Nilai Instrumental harus tetap mengacu kepada nilai-nilai dasar yang dijabarkannya Penjabaran itu bisa dilakukan secara kreatif dan dinamis dalam bentuk-bentuk baru untuk mewujudkan semangat yang sama dan dalam batas-batasyang dimungkinkan oleh nilai dasar itu. Penjabaran itu jelas tidak boleh bertentangan dengan nilai-nilai dasarnya.
B.    Macam-Macam Nilai
Dalam filsafat, nilai dibedakan dalam tiga macam, yaitu
1.     Nilai logika adalah nilai benar salah.
2.     Nilai estetika adalah nilai indah tidak indah.
3.     Nilai etika/moral adalah nilai baik buruk.[2]
Berdasarkan klasifikasi di atas, kita dapat memberikan contoh dalam kehidupan. Jika seorang siswa dapat menjawab suatu pertanyaan, ia benar secara logika. Apabila ia keliru dalam menjawab, kita katakan salah. Kita tidak bisa mengatakan siswa itu buruk karena jawabanya salah. Buruk adalah nilai moral sehingga bukan pada tempatnya kita mengatakan demikian.
Contoh nilai estetika adalah apabila kita melihat suatu pemandangan, menonton sebuah pentas pertunjukan, atau merasakan makanan, nilai estetika bersifat subjektif pada diri yang bersangkutan. Seseorang akan merasa senang dengan melihat sebuah lukisan yang menurutnya sangat indah, tetapi orang lain mungkin tidak suka dengan lukisan itu. Kita tidak bisa memaksakan bahwa luikisan itu indah.
Nilai moral adalah suatu bagian dari nilai, yaitu nilai yang menangani kelakuan baik atau buruk dari manusia.moral selalu berhubungan dengan nilai, tetapi tidak semua nilai adalah nilai moral. Moral berhubungan dengan kelakuan atau tindakan manusia. Nilai moral inilah yang lebih terkait dengan tingkah laku kehidupan kita sehari-hari.
As-Shadr, Muhammad Baqir menyebutkan adanya 3 macam nilai.

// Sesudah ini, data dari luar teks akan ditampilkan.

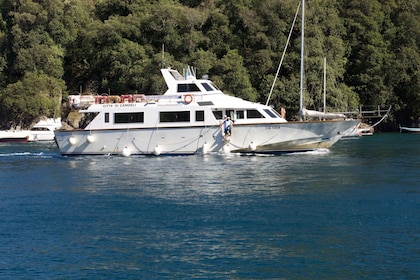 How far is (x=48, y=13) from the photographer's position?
259 feet

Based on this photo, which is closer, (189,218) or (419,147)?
(189,218)

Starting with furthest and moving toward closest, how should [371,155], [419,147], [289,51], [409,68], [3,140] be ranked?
[409,68]
[289,51]
[3,140]
[419,147]
[371,155]

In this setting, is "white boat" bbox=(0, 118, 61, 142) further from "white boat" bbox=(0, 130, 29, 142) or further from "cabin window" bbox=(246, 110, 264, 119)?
"cabin window" bbox=(246, 110, 264, 119)

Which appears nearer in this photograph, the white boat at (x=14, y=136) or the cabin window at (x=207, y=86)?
the cabin window at (x=207, y=86)

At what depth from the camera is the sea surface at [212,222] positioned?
16.3m

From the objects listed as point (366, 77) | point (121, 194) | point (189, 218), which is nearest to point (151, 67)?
point (366, 77)

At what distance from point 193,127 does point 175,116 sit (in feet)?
4.16

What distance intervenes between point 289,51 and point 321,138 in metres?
34.5

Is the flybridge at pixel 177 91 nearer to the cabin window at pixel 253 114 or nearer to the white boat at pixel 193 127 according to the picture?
the white boat at pixel 193 127

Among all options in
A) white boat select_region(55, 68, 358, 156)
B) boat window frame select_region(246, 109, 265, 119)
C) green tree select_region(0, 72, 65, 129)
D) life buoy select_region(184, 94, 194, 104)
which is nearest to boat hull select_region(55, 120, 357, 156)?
white boat select_region(55, 68, 358, 156)

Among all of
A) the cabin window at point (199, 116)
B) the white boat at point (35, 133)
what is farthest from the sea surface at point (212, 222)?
the white boat at point (35, 133)

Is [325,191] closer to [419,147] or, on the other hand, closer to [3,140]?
[419,147]

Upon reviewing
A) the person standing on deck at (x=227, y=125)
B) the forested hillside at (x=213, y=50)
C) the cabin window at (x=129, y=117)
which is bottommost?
the person standing on deck at (x=227, y=125)

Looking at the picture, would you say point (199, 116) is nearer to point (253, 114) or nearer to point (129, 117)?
point (253, 114) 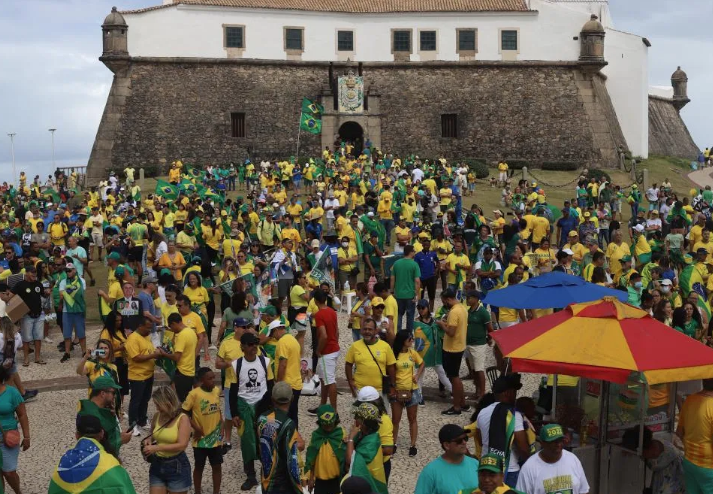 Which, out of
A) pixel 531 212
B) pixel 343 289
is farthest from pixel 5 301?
pixel 531 212

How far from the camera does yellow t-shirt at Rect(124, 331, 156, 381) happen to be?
442 inches

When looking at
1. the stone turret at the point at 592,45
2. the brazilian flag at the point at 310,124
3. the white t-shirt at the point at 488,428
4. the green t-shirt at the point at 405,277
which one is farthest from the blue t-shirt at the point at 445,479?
the stone turret at the point at 592,45

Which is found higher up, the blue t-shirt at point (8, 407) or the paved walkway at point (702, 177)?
the blue t-shirt at point (8, 407)

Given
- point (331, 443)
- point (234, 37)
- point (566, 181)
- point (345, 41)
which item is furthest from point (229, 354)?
point (345, 41)

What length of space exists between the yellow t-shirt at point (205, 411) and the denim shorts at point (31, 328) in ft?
23.8

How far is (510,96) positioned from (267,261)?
3313 cm

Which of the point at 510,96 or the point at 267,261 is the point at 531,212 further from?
the point at 510,96

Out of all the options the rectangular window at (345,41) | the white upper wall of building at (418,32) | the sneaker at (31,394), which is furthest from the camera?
the rectangular window at (345,41)

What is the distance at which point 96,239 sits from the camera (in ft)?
79.3

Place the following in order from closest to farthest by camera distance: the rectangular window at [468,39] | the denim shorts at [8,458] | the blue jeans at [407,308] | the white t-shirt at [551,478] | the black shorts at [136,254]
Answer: the white t-shirt at [551,478], the denim shorts at [8,458], the blue jeans at [407,308], the black shorts at [136,254], the rectangular window at [468,39]

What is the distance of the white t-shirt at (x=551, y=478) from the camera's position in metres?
6.96

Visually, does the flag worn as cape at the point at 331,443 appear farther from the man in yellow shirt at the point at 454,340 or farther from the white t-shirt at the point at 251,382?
the man in yellow shirt at the point at 454,340

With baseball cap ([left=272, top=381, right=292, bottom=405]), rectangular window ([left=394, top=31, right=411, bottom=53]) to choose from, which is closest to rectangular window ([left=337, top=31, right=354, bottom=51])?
rectangular window ([left=394, top=31, right=411, bottom=53])

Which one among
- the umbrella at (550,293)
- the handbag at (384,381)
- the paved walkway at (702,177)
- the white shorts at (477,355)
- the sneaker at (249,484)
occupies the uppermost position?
the umbrella at (550,293) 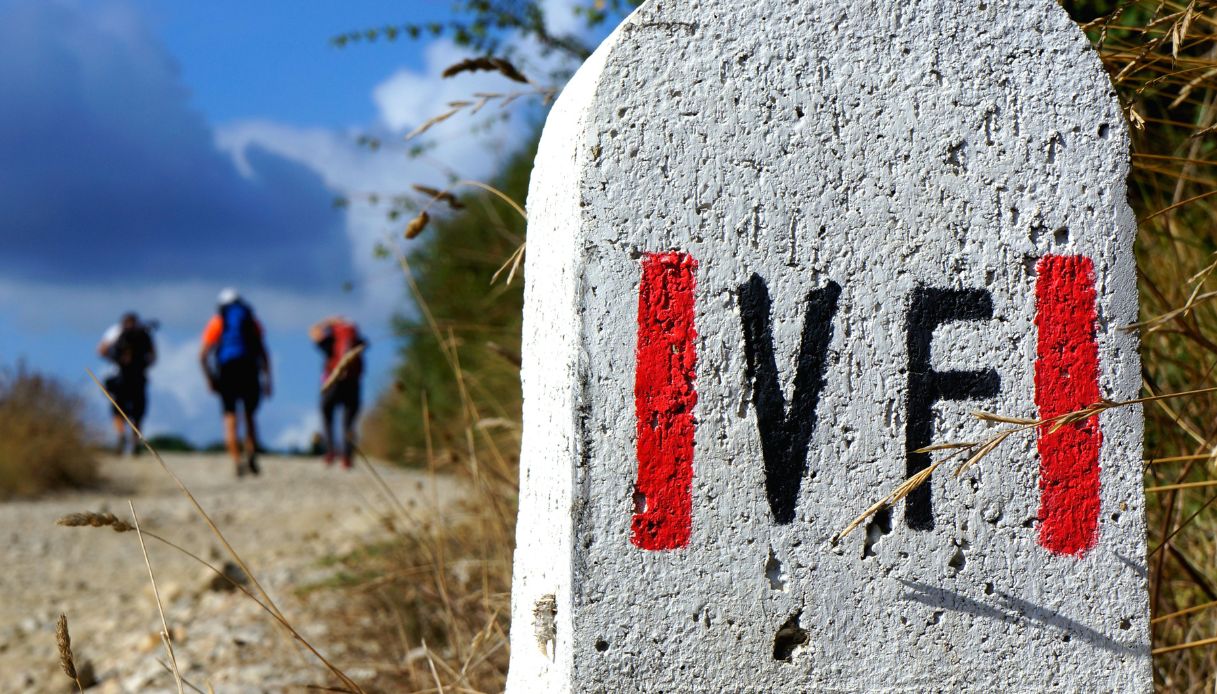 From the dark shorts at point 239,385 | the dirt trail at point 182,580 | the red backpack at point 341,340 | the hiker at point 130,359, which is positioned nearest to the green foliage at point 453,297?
the red backpack at point 341,340

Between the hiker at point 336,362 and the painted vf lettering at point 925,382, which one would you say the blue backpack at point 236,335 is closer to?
the hiker at point 336,362

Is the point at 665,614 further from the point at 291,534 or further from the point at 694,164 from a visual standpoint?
the point at 291,534

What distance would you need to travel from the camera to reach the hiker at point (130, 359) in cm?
1178

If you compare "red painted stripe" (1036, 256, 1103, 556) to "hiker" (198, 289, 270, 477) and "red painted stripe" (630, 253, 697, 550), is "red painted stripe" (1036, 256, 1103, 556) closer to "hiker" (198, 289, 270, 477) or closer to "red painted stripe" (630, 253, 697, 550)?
"red painted stripe" (630, 253, 697, 550)

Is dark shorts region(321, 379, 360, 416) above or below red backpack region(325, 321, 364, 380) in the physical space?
below

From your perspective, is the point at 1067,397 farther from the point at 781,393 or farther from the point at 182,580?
the point at 182,580

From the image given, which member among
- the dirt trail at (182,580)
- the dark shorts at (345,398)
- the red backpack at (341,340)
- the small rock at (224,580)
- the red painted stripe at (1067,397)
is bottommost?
the dirt trail at (182,580)

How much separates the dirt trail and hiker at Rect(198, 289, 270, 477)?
893mm

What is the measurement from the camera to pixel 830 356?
4.78 ft

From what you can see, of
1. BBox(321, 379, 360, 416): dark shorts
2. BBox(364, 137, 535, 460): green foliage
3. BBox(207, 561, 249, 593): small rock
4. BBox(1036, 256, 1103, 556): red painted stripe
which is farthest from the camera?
BBox(321, 379, 360, 416): dark shorts

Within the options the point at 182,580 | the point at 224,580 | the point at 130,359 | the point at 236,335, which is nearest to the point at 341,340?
the point at 236,335

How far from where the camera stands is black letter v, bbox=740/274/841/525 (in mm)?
1429

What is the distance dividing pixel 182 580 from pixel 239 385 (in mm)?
4612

Ketiga nilai itu adalah sebagai berikut.
1)     Nilai material, yaitu segala sesuatu yang berguna bagi kehidupan jasmani manusia atau kebutuhan ragawi manusia.
2)     Nilai vital, yaitu segala sesuatu yang berguna bagi manusia untuk dapat mengadakan kegiatan atau aktivitas.
3)     Nilai kerohanian, yaitu segala sesuatu yang berguna bagi rohani manusia.[3]
Nilai kerohanian meliputi:
a)     Nilai kebenaran yang bersumber pada akal (rasio, budi, cipta) manusia.
b)     Nilai keindahan atau nilai estetis yang bersumber pada unsur perasaan (emotion) manusia.
c)     Nilai kebaikan atau nilai moral yang bersumber pada unsur kehendak (karsa, Will) manusia.
Nilai religius yang merupakan nilai keohanian tertinggi dan mutlak serta bersumber pada kepercayaan atau keyakinan manusia.

BAB III
P E N U T U P
Berdasarkan uraian-uraian yang penulis kemukakan pada bab-bab sebelumnya, maka pada bab terakhir ini penulis dapat mengambil beberapa kesimpulan serta mengajukan beberapa saran.
A.    Kesimpulan
1.     Nilai adalah sesuatu yang berharga, bermutu, menunjukkan kualitas, dan berguna bagi manusia. Sesuatu itu bernilai berarti sesuatu itu berharga atau berguna bagi kehidupan manusia.
2.     Nilai moral adalah suatu bagian dari nilai, yaitu nilai yang menangani kelakuan baik atau buruk dari manusia.moral selalu berhubungan dengan nilai, tetapi tidak semua nilai adalah nilai moral. Moral berhubungan dengan kelakuan atau tindakan manusia. Nilai moral inilah yang lebih terkait dengan tingkah laku kehidupan kita sehari-hari.
B.    Saran - Saran
1.     Disaran Bagi umat islam yang hendak melakukan pengkajian yang sangat mendalam tentang ilmu filsafat Islam.
2.     Disarankan kepada pihak Perguruan Tinggi Islam untuk dapat menyediakan Dosen yang ahli dalam ilmu filsafat Islam.



DAFTAR PUSTAKA

As-Shadr, Muhammad Baqir. Falsafatuna. Terj. M. Nur Mufid bin Ali. Bandung: Penerbit Mizan. 1995.
Rosenthal, Franz. Keagungan Ilmu Terj. Syed Muhamad Dawilah Syed Abdullah. Kuala Lumpur: Dewan Bahasa dan Pustaka. 1997.
Jujun S, Suriasumantri., “Filsasfat Ilmu”, sebuah pengantar populer. Pustaka Sinar Harapan: Jakarta. 2003,




[1] Jujun S, Suriasumantri., “Filsasfat Ilmu”, Sebuah Pengantar Populer. (Jakarta: Pustaka Sinar Harapan: 2003), hal. 30,
[2] Jujun S, Suriasumantri., “Filsasfat..................., hal 66
[3] As-Shadr, Muhammad Baqir. Falsafatuna. Terj. M. Nur Mufid bin Ali. (Bandung: Penerbit Mizan. 1995), hal. 39.